I researched this further and I found out that the blended oils, 10w30 or 40 or whatever, add polymers to bond the varied oil weights and the polymers can break down.

Bottom line, a single weight oil, chosen for conditions, is always better. We lazy Americans want a single oil, and want to forget about it for too long a time. I’m reading here that some of you even want to carry just one oil for all of your vehicles!

I used Rotella 15-40 diesel oil in my ‘84 GL for years, when I lived in Austin and commuted with it during summer months. I also own an ‘03 Dodge Ram Cummins and have used that oil for 15 years. Now I live where that oil would be too thick most of the year, and I ride 12 months a year.

I never bought into the Mobil-1 perfect oil, marketing campaign. However, now I have 4 great street bikes, and I work hard to keep these running well without assistance of dealerships.

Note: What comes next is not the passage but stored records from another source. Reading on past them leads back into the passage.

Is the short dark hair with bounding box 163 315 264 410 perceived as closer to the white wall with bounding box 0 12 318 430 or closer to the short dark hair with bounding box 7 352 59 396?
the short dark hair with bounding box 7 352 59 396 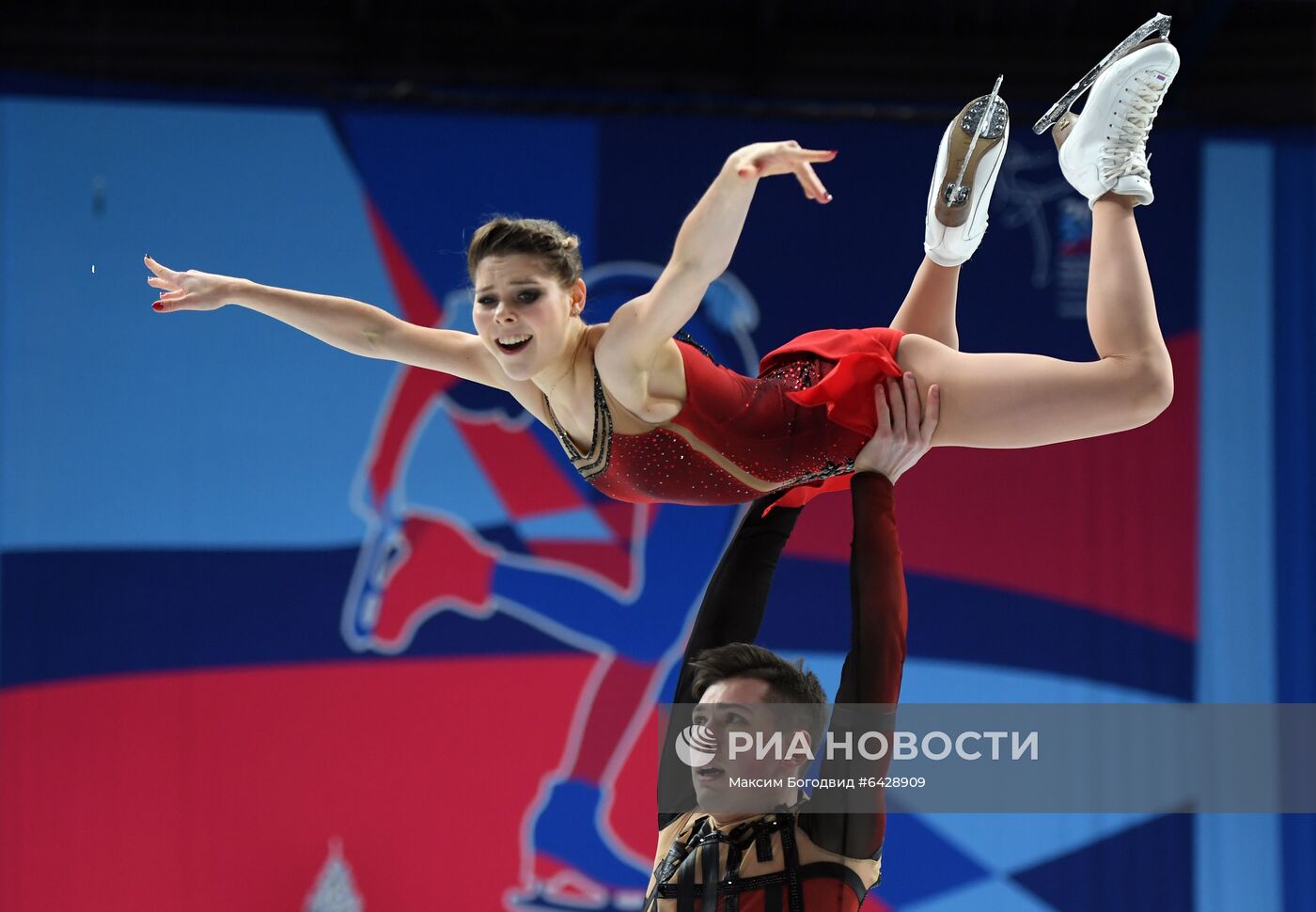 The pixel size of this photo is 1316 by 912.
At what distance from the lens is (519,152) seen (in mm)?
5121

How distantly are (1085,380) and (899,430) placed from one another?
14.7 inches

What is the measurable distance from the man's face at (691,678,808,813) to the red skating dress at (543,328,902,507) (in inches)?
16.4

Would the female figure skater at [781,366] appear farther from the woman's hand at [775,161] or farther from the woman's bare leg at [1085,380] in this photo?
the woman's hand at [775,161]

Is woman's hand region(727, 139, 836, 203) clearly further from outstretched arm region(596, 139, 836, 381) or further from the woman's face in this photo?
the woman's face

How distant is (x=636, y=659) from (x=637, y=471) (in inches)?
96.7

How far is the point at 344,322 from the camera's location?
275 cm

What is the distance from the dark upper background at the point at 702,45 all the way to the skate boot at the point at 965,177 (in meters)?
3.02

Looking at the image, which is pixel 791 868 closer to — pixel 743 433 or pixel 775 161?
pixel 743 433

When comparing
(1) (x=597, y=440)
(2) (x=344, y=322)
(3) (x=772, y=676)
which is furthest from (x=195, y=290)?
(3) (x=772, y=676)

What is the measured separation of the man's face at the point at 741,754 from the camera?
2.40 metres

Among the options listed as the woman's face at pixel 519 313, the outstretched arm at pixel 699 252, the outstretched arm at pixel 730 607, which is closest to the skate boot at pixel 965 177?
the outstretched arm at pixel 699 252

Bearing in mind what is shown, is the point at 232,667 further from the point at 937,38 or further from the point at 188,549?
the point at 937,38

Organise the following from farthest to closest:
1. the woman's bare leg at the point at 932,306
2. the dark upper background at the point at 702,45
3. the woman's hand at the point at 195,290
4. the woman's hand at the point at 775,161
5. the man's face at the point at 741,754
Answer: the dark upper background at the point at 702,45, the woman's bare leg at the point at 932,306, the woman's hand at the point at 195,290, the man's face at the point at 741,754, the woman's hand at the point at 775,161

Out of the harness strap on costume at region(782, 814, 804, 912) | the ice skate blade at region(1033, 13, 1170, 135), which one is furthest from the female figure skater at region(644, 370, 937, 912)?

So, synthetic oil does have an advantage, when you want to just let it sit in an engine for 6 months at a time.

The last 2-3 years I have put AMSOIL 10-W40 in my GL1200. I changed my oil last time in Aug 2018. I only put about 1k miles on my GL since. I checked the oil today and it’s clean, like when I poured it in 8 months ago. The dipstick looks and smells like the oil was just changed!

I think these “improved” oils are viable for these kind of uses. When I drive a car or truck hard, lots of miles, 8-10K between changes, 2-3 times a year, I use an old-fashioned petroleum based oil and change oil often.

Keep in mind, when you own a GL1200 or other motor built 30+ years ago, there were no synthetics and they ran fine as engineered.

Thanks, JD
1984 Goldwing Standard

Last edited by JohnnyD; 04-19-2019 at 12:34 AM.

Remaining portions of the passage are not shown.